In 2020, 834 crimes and 4,239 misdemeanours were registered as juvenile offences in Estonia. The most common crimes committed by young people were thefts and physical abuse. The most common misdemeanours are alcohol and drug use, petty theft, traffic offenses and smoking.
Estonian legislation is based on the concept of child-friendly justice in cases of juvenile offence, which includes prevention, training, intervention and support based on the best interests and rights of the child.
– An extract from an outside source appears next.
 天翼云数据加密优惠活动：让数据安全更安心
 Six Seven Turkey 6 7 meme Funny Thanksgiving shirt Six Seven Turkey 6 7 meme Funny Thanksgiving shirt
Thus, prevention aims to reduce recurrent and serious offenses.
The aim of the study is to find social programme(s) suitable for use in closed institutions, prisons and probation in Estonia, to support positive behavior and/or reduce negative behaviour through attitudes, knowledge or experience.
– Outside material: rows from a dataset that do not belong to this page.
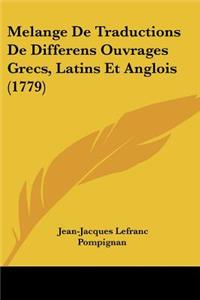 Melange De Traductions De Differens Ouvrages Grecs, Latins Et Anglois (1779)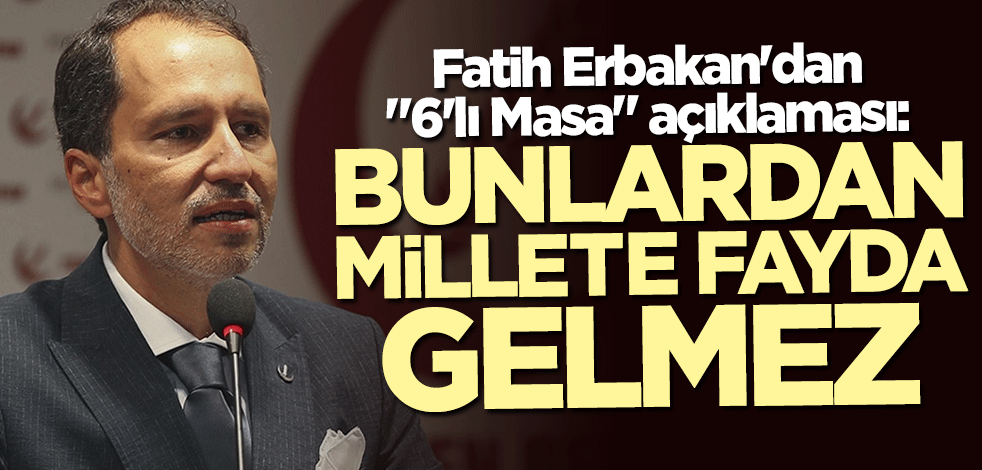 Fatih Erbakan'dan 6'lı Masa açıklaması: Bunlardan millete bir fayda gelmez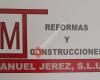 Manuel  JEREZ SLU Reformas Y Construcciones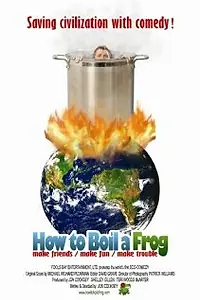 Постер к фильму «How to Boil a Frog (2010)»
The study analyses and compares science and evidence-based social programmes used in Estonia and elsewhere, which are aimed at young people with assistance needs and risky behaviour, in order to help them to develop their social skills, improve their ability to cope with emotions and shape values. The study will explore the content and science-based evidence of the programmes, including the logic that supports behaviour change, experience, past performance and the factors that influence it. Based on the experience of implementation so far and the positive and negative aspects of implementation of these programme(s) in the Estonian context, certain programme(s) will be selected that could be used in closed institutions and in probation in Estonia.
In order to compare the programmes, the study will analyse secondary sources, interview specialists related to the programmes and the field work and discuss the possible use and effectiveness of different programmes in Estonia with experts in the field.